Doctor Who, of course. Since the broadcast of his first BBC television episode on Nov. 23, 1963, the Doctor has become the hero of the world's oldest continuing science-fiction series. An estimated 100 million viewers in 54 countries from Australia to Zambia have followed his exploits in 602 episodes. In the U.S., the show has developed a cult following on the order of Star Trek.
The premise of the series is as eccentric as its plots: rather than rule his stodgy fellow Time Lords, Doctor Who opts for the carefree life of a roving extraterrestrial. Nevertheless, he is a klutz who frequently pratfalls into time-dimensional danger. The Doctor has one life, but can regenerate up to twelve new existences, for a total of 13. Each time the actor portraying the Doctor leaves the show, which is every few years, a new one appears, complete with new male sidekicks and female fellow travelers. The different Doctors are explained by the character's ability to assume new shapes on demand.
Scarifying monsters add a dash of sci-fi glitz. They include Kronovores (creatures capable of devouring time), deadly Cybermen (decaying bodies encased in silver garb), the Yeti (a 9-ft.-tall carpet), the Anti-Matter Beast from Zeta-Minor (a bug-eyed sheet of aluminum wrap) and the Daleks, mobile robots who look like milk churns and scoot around intoning "Ex-ter-min-ate."
The result is an engagingly slapdash combination of idiosyncratic British humor, melodramatic plotting and cut-rate special effects, something like Star Trek as conceived by Monty Python. Although Doctor Who is sometimes considered a children's show, 60% of its 8 million British viewers are over 16. Says Sydney Newman, the former BBC drama chief who dreamed up the series: "It was never intended to be simply a children's program, but something that would appeal to people who were in a childlike frame of mind."
Doctor Who's American audience has grown steadily since 1978 to 9.5 million viewers today.

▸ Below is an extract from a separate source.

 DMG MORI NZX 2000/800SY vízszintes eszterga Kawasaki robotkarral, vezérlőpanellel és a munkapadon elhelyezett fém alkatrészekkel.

The series appears on 112 U.S. commercial and public stations and has an enthusiastic college following. At least 10,000 students watch each episode shown on the TV station of the University of Illinois in Champaign-Urbana.

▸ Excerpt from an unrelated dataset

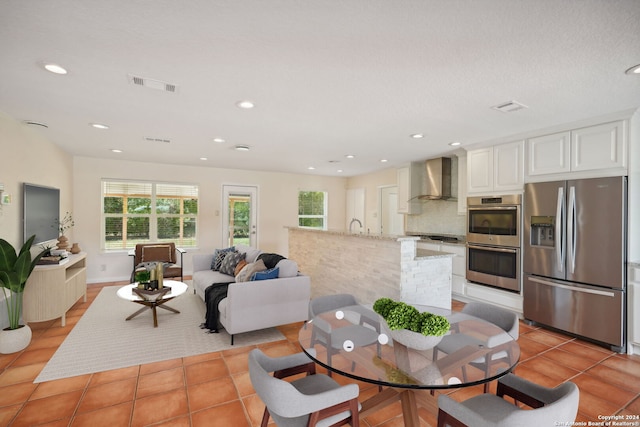 dining space with recessed lighting, visible vents, and light tile patterned floors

The program's popularity has spawned a slew of Who conventions. A two-day gathering held at Longleat, the Marquess of Bath's stately home in Wiltshire, drew 60,000 fans last Easter. A 20th-anniversary celebration of the series at Chicago's Hyatt Regency O'Hare in November attracted more than 7,000 aficionados. "Chicago has suddenly become the hotbed for Doctor Who, " says Rose Arias, 22, president of the Celestial Intervention Agency (CIA), a fan club for the program.